Molte domande senza una risposta… È un fenomeno storico unico, contro natura e difficile da cogliere soprattutto in un mondo nel quale gli Stati sono tecnicamente falliti. È una sorta di prelievo sui risparmiatori, in apparenza meno visibile o dolorosa rispetto a un aumento delle tasse. I tassi negativi producono molti effetti positivi sugli investimenti, per esempio sul finanziamento delle grandi infrastrutture per le energie rinnovabili. In contropartita, aumentano i rischi di mercato come la sopravvalutazione di alcune attività quali gli investimenti immobiliari o le obbligazioni AAA. La questione si intreccia anche con altri temi: l’inflazione, la crescita, le disuguaglianze ecc. Non è chiaro quando e come questo ciclo muterà, ma attualmente i mercati trascurano questo fattore di rischio.

I tassi zero non sono l’unico elemento di rottura nel mondo degli investimenti, ci sono anche i millennial?

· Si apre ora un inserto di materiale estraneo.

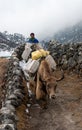 Himalayan Herdsman and Yaks on the bridge near Everest Base Camp in Nepal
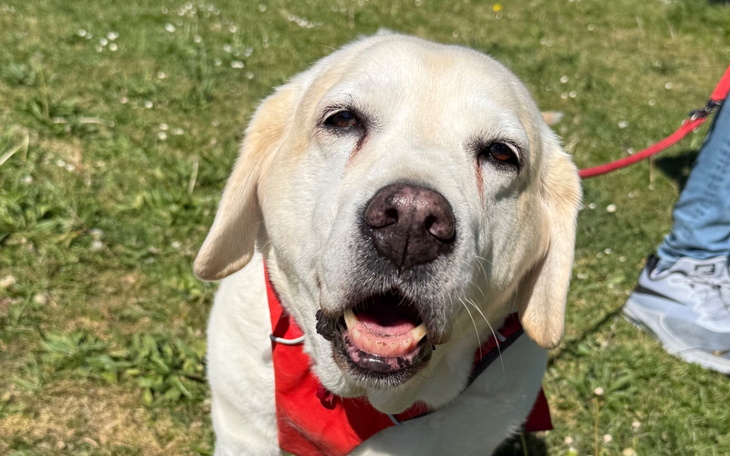 Uśmiechnięty labrador na zielonej trawie.
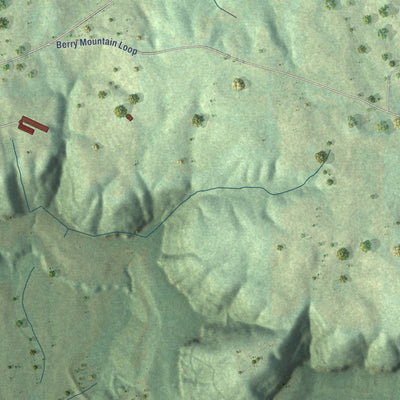 Close-up of the map of Rosa, Alabama print showing street and building detail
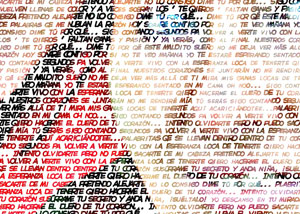 Detalle de la foto procesada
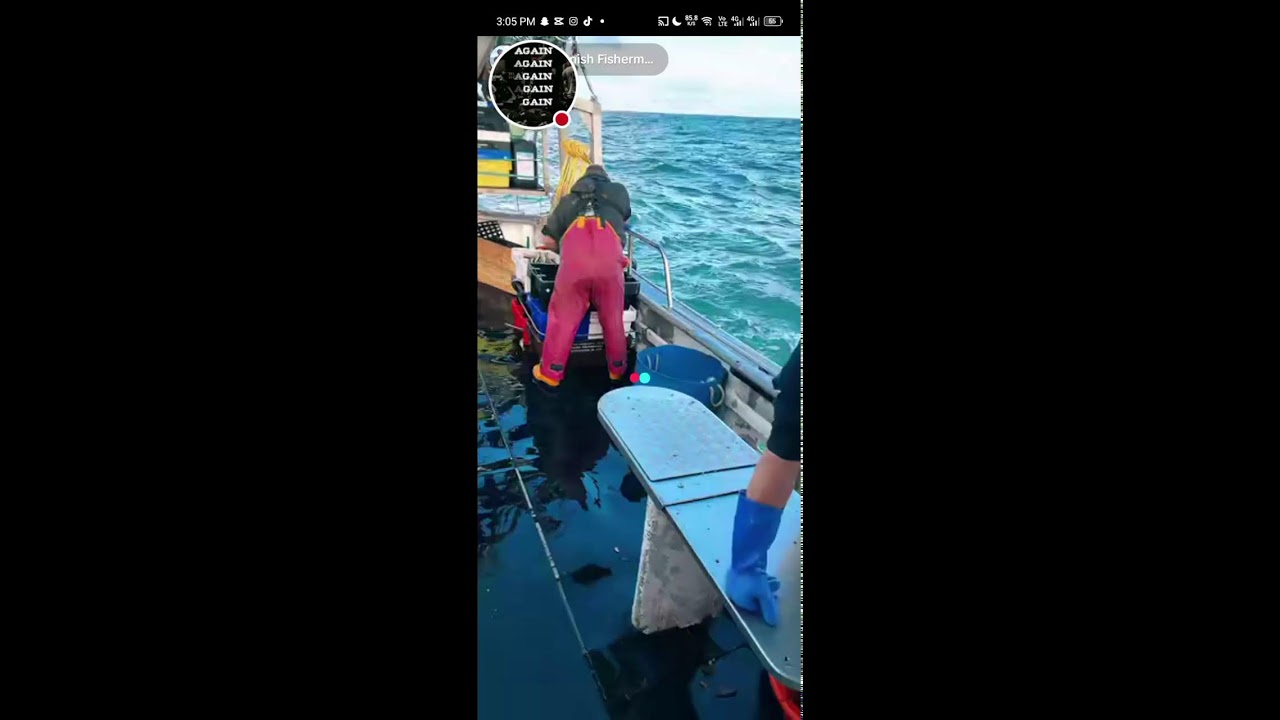 !Today's target: 200 fish!!🐬Sea fishing 🎣🎣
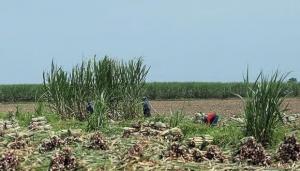 Reconstrucción con Cambios expropia terrenos de empresa agroindustrial Laredo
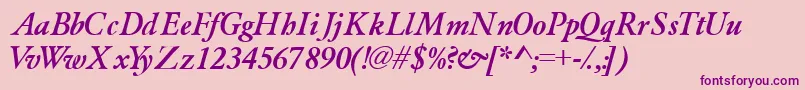Garamondlightssk ffy Font – Purple Fonts on Pink Background
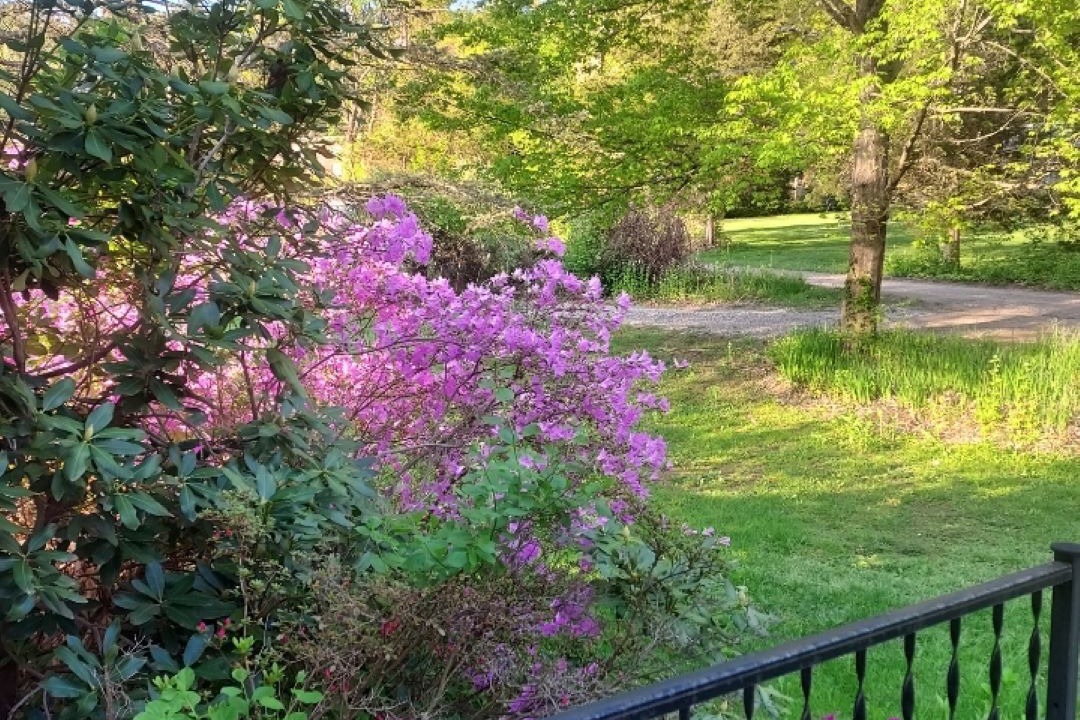 Photo of Outdoor in Cold Spring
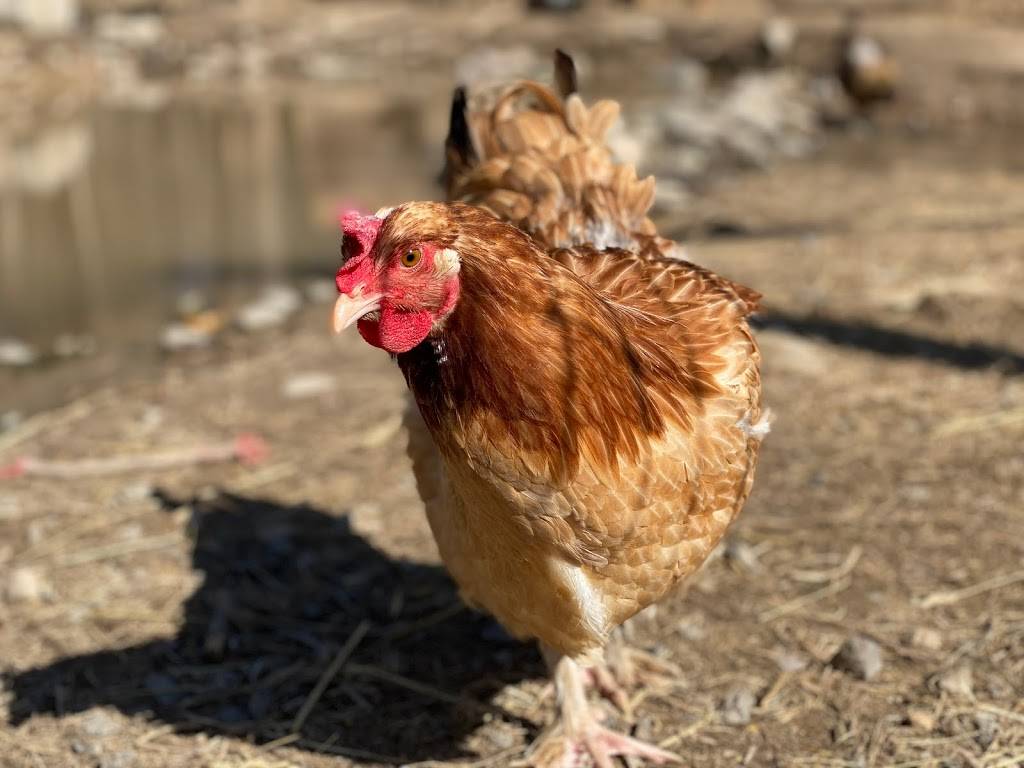 Stonehills | restaurant | 77 Mill Hook Rd, Accord, NY 12404, USA | 8453776015 OR +1 845-377-6015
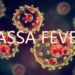 TARABA STATE CONFIRMS OUTBREAK OF LASSA FEVER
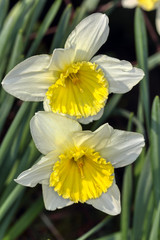 Beautiful spring flowers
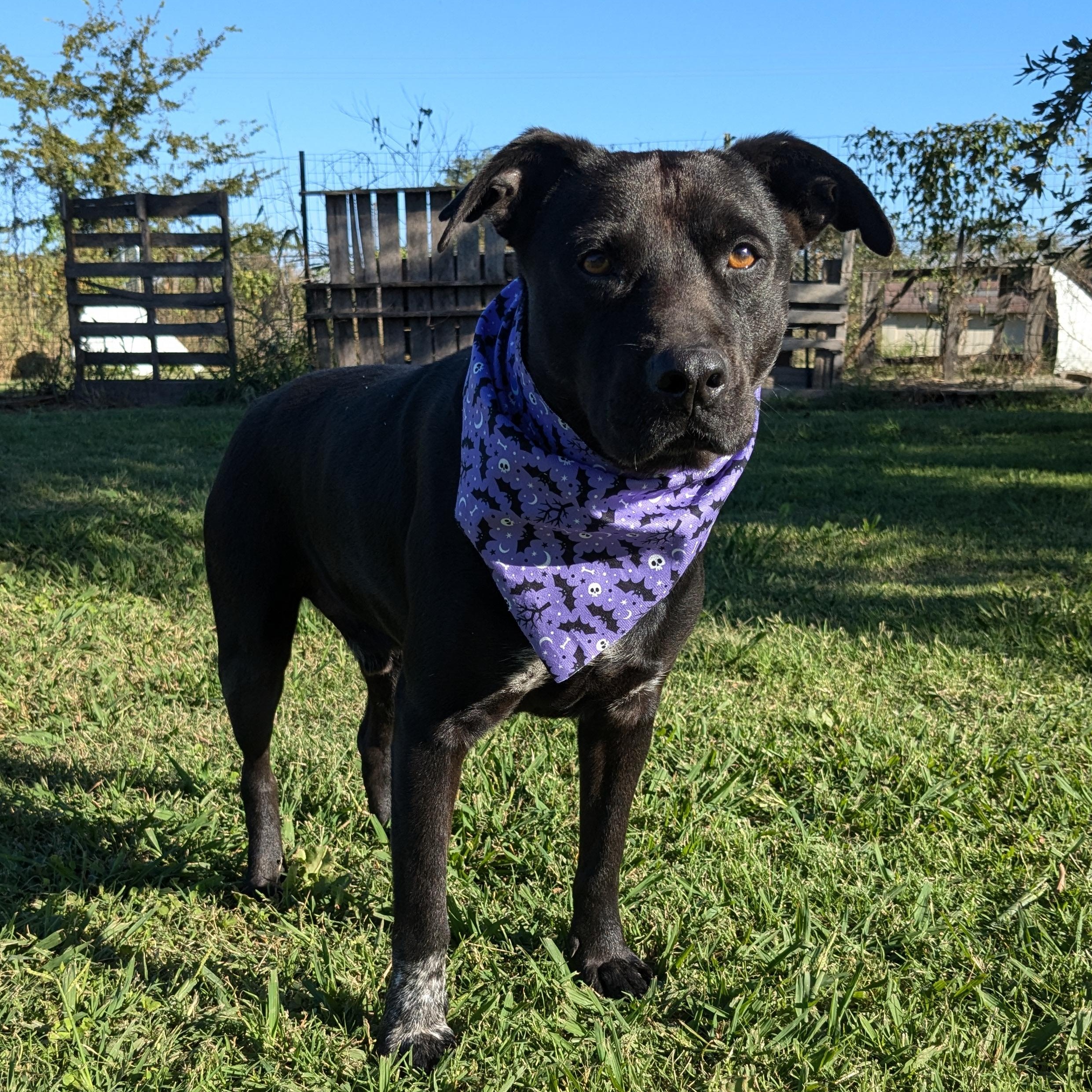 Enlarge Joker, a Adoptable mixed breed in Newport, AR image 1/5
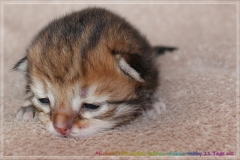 Michael-York-Sibirischer-Kater-in-black-golden-classic-tabby-11-Tage-alt.-www.sibirische-katzen-hamburg.de-II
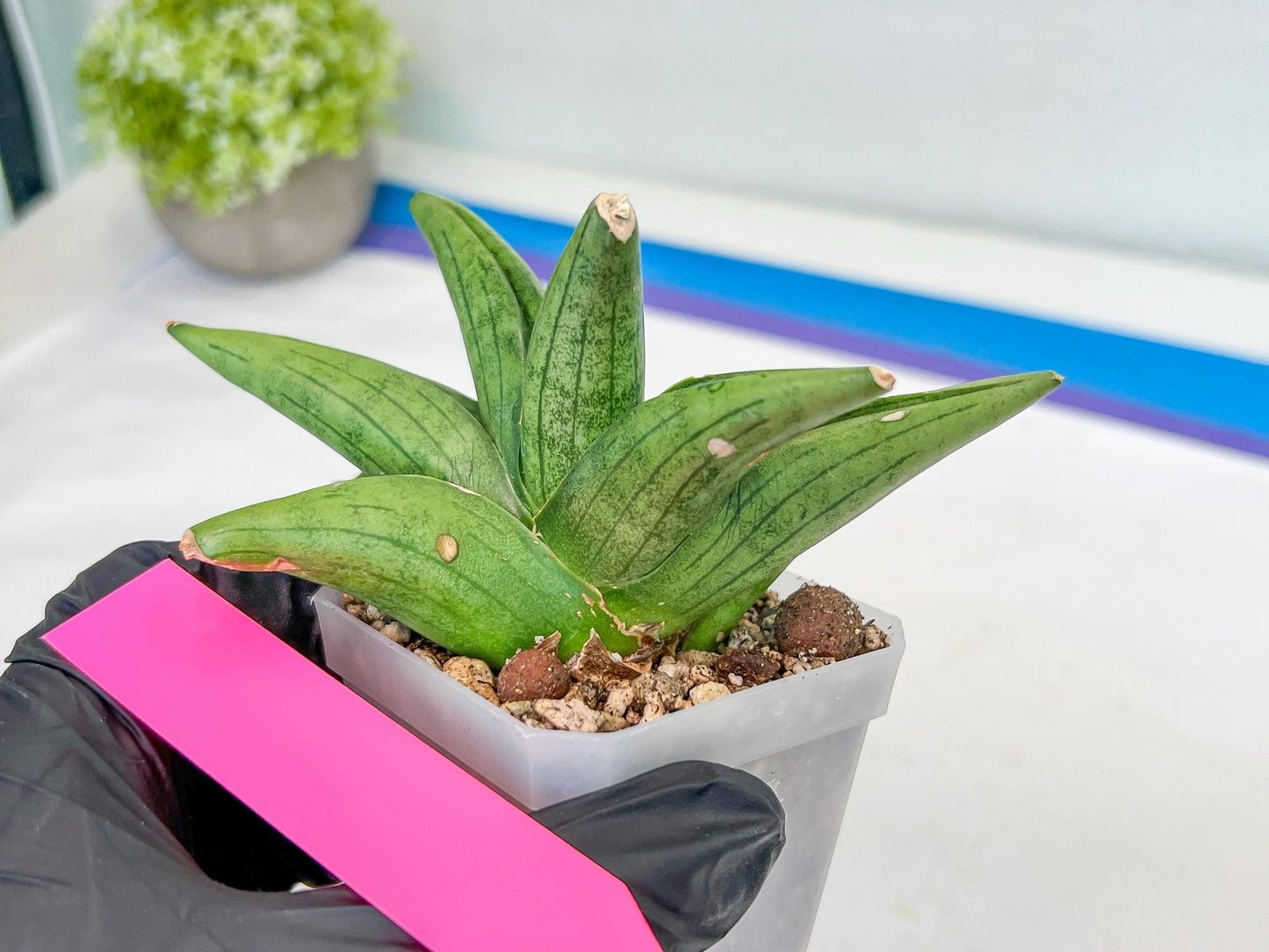 Sansevieria Supper Chubby (AC59) | Imported Snake Plants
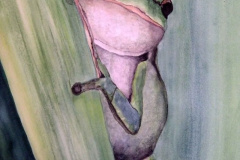 T4, 2003, Aquarell, 90x70 m.PP., © Lore Weiler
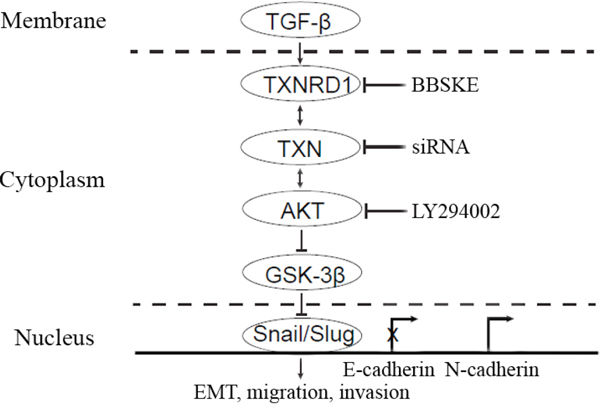 A hypothetical model demonstrating the essential roles of TXN in mediation of TGF-&#x03B2; induced EMT and SACC metastasis.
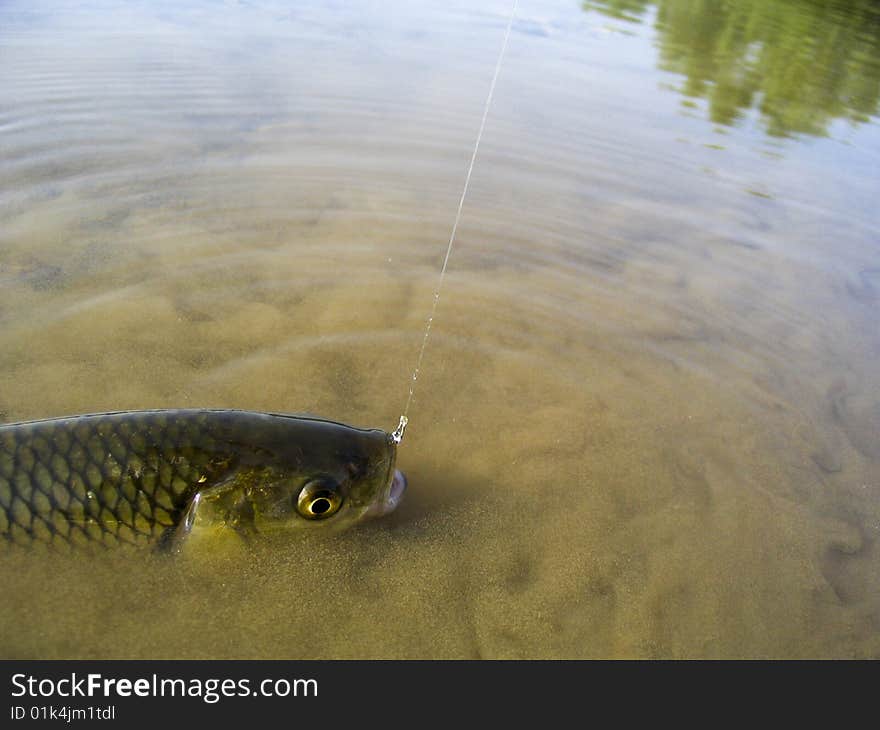 Chub caught on a fly during fly fishing trip on Drava river. Chub caught on a fly during fly fishing trip on Drava river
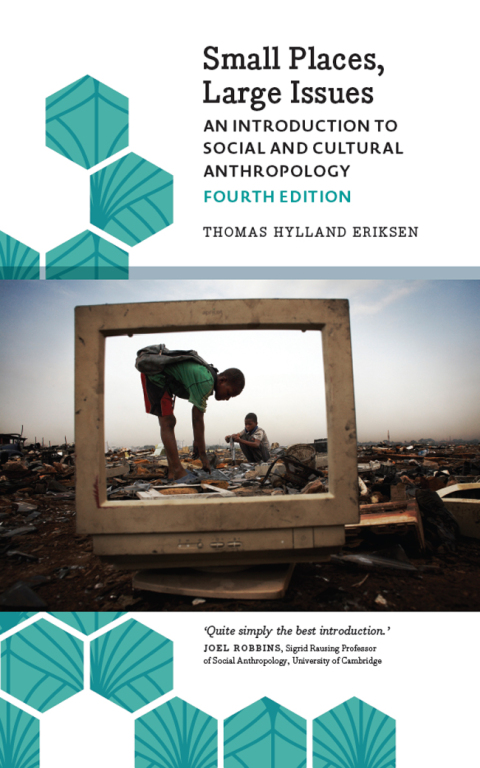 Cover image for book Small Places, Large Issues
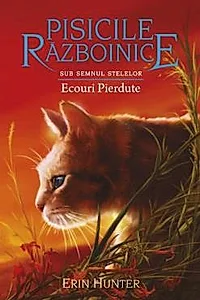 Ecouri pierdute. Seria Pisicile razboinice Vol.20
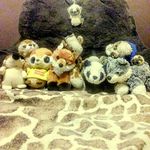 Profile Picture of Ryan Matthew Damel (@giraffes_and_stuff) on Instagram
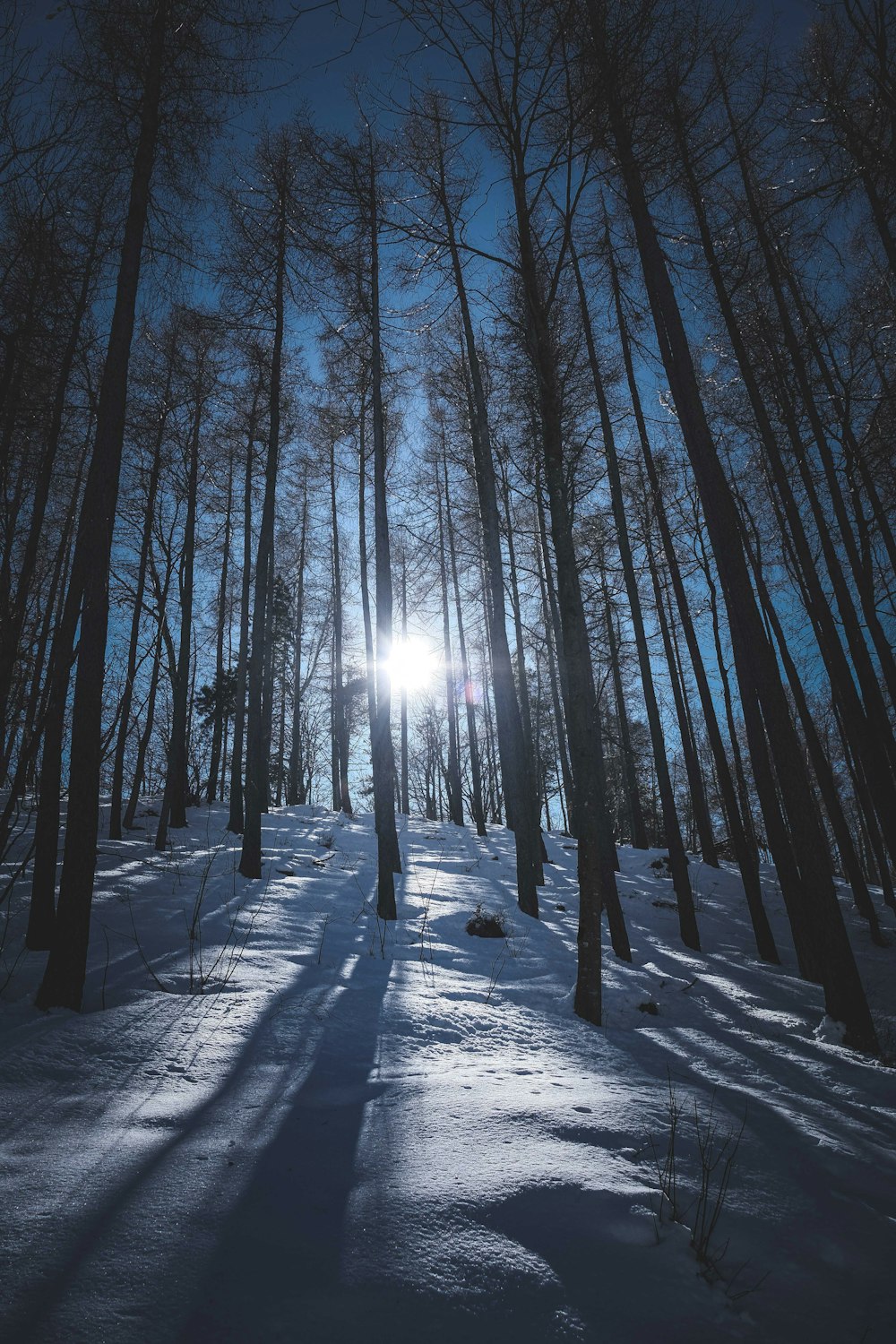 bare trees on snow covered ground during daytime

Sì, tutto cambia e molto velocemente. È molto stimolante perché crea nuovi rischi ma anche nuove opportunità. Tre anni fa dovevamo interrogarci sul ruolo e sul futuro delle società tradizionali di fronte alla minaccia della rete, in settori quali la pubblicità, le telecomunicazioni o i media con Google o Facebook, la distribuzione con il lupo Amazon, il turismo con Airbnb ecc. Bisognava evitare i settori “uberizzabili”. In aggiunta a questa analisi che rimane centrale, oggi dobbiamo anche riconsiderare tutte le società con l’occhio dei sempre più numerosi “millennial”, che possono smettere di colpo e in massa di acquistare voli, automobili, carne o abbigliamento. Non varcano più la soglia delle agenzie bancarie, non guardano più la tv ecc. Sono dinamiche legate alla finanza responsabile.

In effetti, i millennial ci avvicinano al tema degli ISR. Qual è la vostra posizione al riguardo e pensate di lanciare dei fondi ESG?

Siamo molto avanti da sempre sulla G di Governance, abbastanza avanti sulla S di Società e un po’ indietro sulla E di Ambiente. Il segmento delle small e mid cap complica ulteriormente lo scenario per le poche informazioni disponibili. Al greenwashing che non amiamo preferiamo un approccio integrato. Ai fondi “ESG” preferiamo quindi integrare i criteri nel modello di valutazione da noi sviluppato. Ci proponiamo di fare nostro il tema, integrandolo con grande onestà e buon senso senza strafare né limitarsi a metterci un “tappo”. È una scelta che richiede tempo e matura di pari passo con le scelte delle imprese. Su questi temi impegnativi e di grande complessità, amo citare Alan Greenspan: “È meglio avere abbastanza ragione che sbagliarsi del tutto”.